Non-natural dimension of sets

Question

This question is not for an exercise or a task, but just mathematical curiosity:
In Mathematics we are used to work with sets such as $\mathbb{Z}$, $\mathbb{Q}$, etc. However, we also use their "powers" provided by the cartesian product ($\mathbb{R}^n$ for example). However, I wonder if somebody knows whether it is possible to define "non-natural" "powers" of this sets, or of any set apart from the usual ones, the same as with the set of real numbers, where exponentiation can be extended to any number like for example, $2^\pi$ or $3^{5.43}$. Is it possible to define stuff like $\mathbb{R}^{\frac{2}{5}}$, $\mathbb{Q}^\pi$ or $[0,1]^{\frac{\sqrt{2}}{3}}$? Does it makes sense? Has anybody thought about it before? Not only that, but if they exist, is it possible to equip these sets with an operation to create an algebraic structure? As a lover and still student of algebraic structures, it would be great for me that groups like $(\mathbb{R}^{\pi},+)$ could be created, or even more.
Postdata: I don't know which tags use for this question, so please don't downvote just for this.

Answer 1

For a set $X$ we may define $\sqrt{X}$ as a set (if it exists) with $\sqrt{X}^2 \cong X$. Here, recall that two sets are isomorphic when there is a bijection (=isomorphism) between them, and $Y^2$ is the cartesian product of $Y$ with itself.

Some easy observations:

• If $X$ is finite with $n$ elements, then $\sqrt{X}$ exists iff $n$ is a square number.
• If $X$ is infinite, then $\sqrt{X}$ exists, and in fact $\sqrt{X} \cong X$. This is because for every infinite set $X$ we have $X^2 \cong X$.
• If $\sqrt{X}$ exists, then it is uniquely determined up to isomorphism.

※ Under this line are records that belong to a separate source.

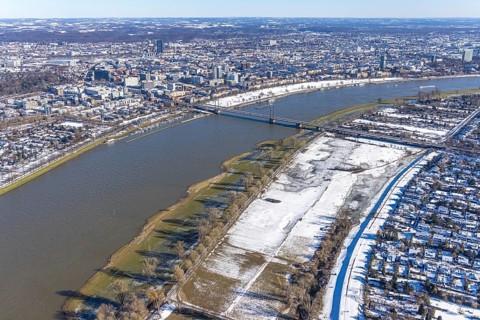 Aerial view, ice rink, ice skaters and pedestrians on frozen Rhine meadow in Lörrick near the
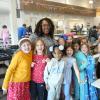 Love Creek Principal Equetta Jones stands with some of her students in the school cafeteria. In back are (l-r) Jones and students Olivia Hunt, Eleanor Orlando and Julien Hoshaw. In front are Kinsley Apgar, Mea Clayton, Melanie Smith, Tessa Okolowicz, Adriana Rodriguez and Olivia Deptula. ELLEN MCINTYRE PHOTOS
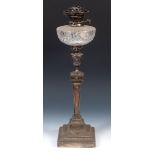 An Edward VII silver oil lamp, with a clear glass well, Sheffield 1902, 64 cm high glass reservoir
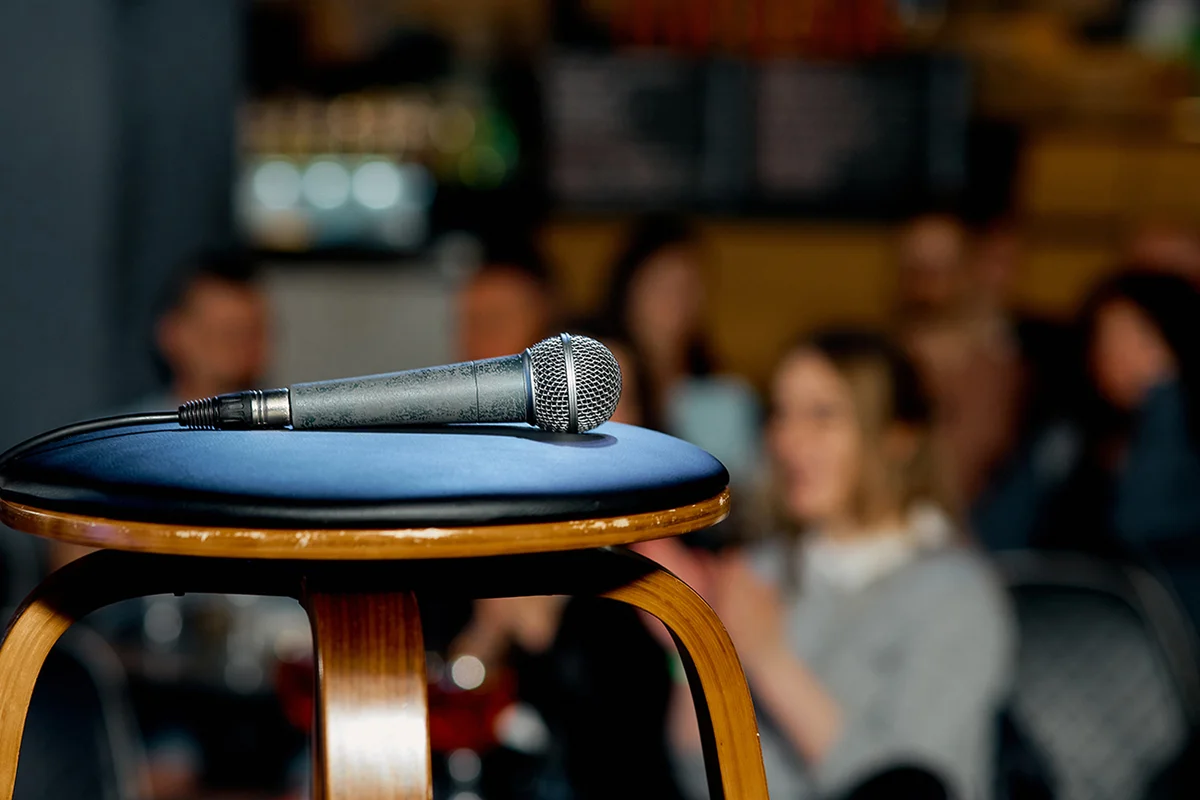 microphone lies on a chair on the stage before the performance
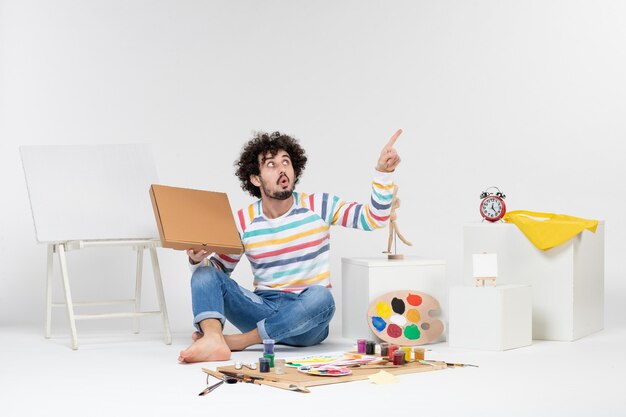 Front view of young male holding pizza box on a white wall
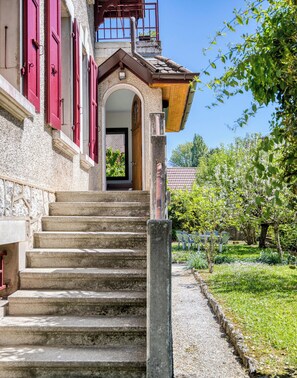 Un escalier en pierre menant à une porte en bois avec des volets rouges, un jardin avec des chaises et un ciel bleu azur.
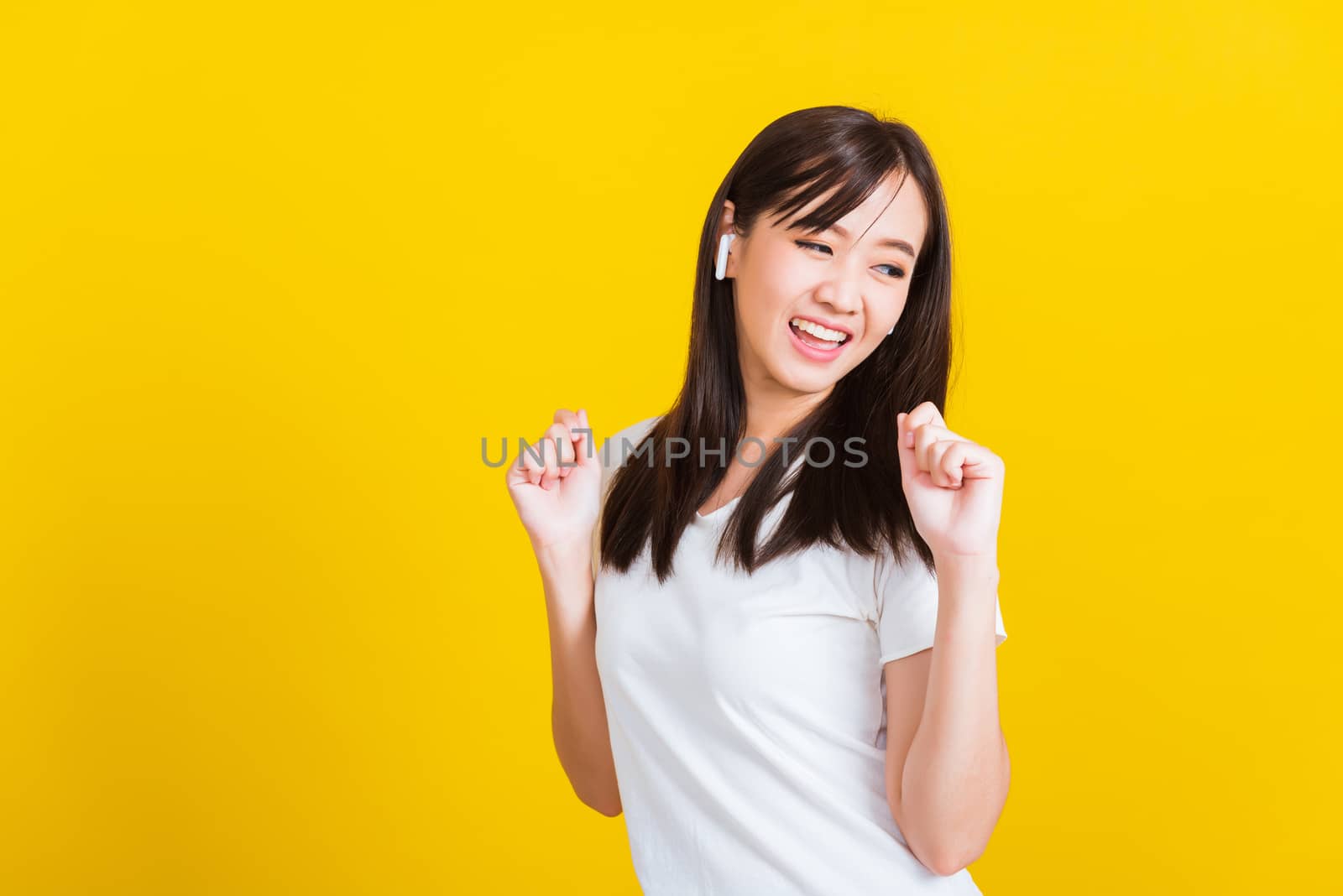 Portrait Asian of a happy beautiful young woman wear wireless earphone listening to music from smartphone having fun and dancing to sounds of favorite music studio shot isolated on yellow background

The main obstacle, though, is that there is no general, natural construction of $\sqrt{X}$ (by this I mean a functor from the category of sets which have a root to the category of sets). I think that this makes this notion pretty much useless. In particular, when thinking of $Y^2$ as the set of maps from a $2$-element set to $Y$, we cannot define $\sqrt{X}$ as set of maps from a $\frac{1}{2}$-element set (what should that be?) to $X$, at least not classically*.

A similar definition works in every cartesian cateory. For example, if $G$ is a group, we can define $\sqrt{G}$ as a group with $\sqrt{G}^2 \cong G$ (isomorphism of groups), if it exists. This propery is much more restrictive when compared to the category of sets. Also, $\sqrt{G}$ will not be uniquely determined anymore by MO/150793 (it is in the case of finite groups, though).

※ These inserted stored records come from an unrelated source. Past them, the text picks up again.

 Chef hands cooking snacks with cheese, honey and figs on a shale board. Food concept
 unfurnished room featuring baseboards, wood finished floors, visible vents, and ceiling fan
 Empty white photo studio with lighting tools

Similar remarks apply to the notion of $\sqrt[n]{X}$. For example, MO/10128 has examples of abelian groups with $A \cong \sqrt[3]{A} \not\cong \sqrt{A}$. The (must-read!) paper Seven Trees in One by Andreas Blass shows that the set of finite binary trees $T$ satisfies $T \cong \sqrt[7]{T}$, or more precisely that you can write down an isomorphism $T^7 \cong T$ explicitly instead of just bailing out with the argument that $T$ is infinite.

In ring theory, the square root notation is already taken for something else, though: If $I$ is an ideal of a ring $R$, then $\sqrt{I}$ is the radical of $I$. This operation is quite different from the square roots of numbers, though. For example, $\sqrt{\sqrt{I}}=\sqrt{I}$, and in $R=\mathbb{Z}$ we have $\sqrt{n}=\langle p_1 \cdots p_s \rangle$ when $p_1,\dotsc,p_s$ are the distinct primes dividing $n$.

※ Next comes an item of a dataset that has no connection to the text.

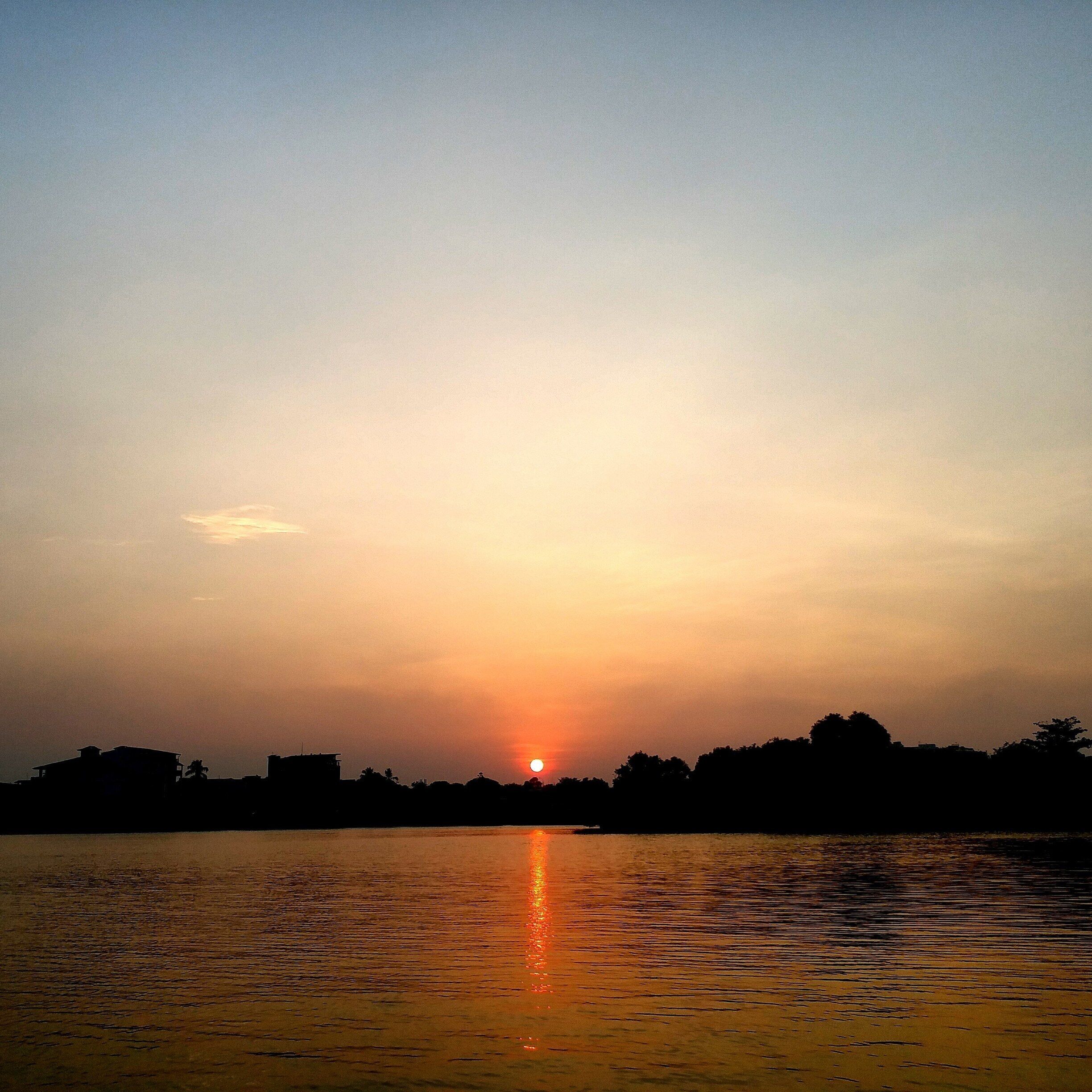 A sunset over a calm body of water with silhouettes of trees and buildings on the horizon.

*Janelidze and Street have investigated real sets (Tbilisi Mathematical Journal 10(3) (2017) 23-49) which presumably (I didn't read it in detail yet) enables us to find a "set" $S$ with $\frac{1}{2}$ elements. Then the "set" of maps $S \to X$ (if that exists in their framework) could be a version of $\sqrt{X}$, and $S \times X$ could be a version of $\frac{1}{2} X$.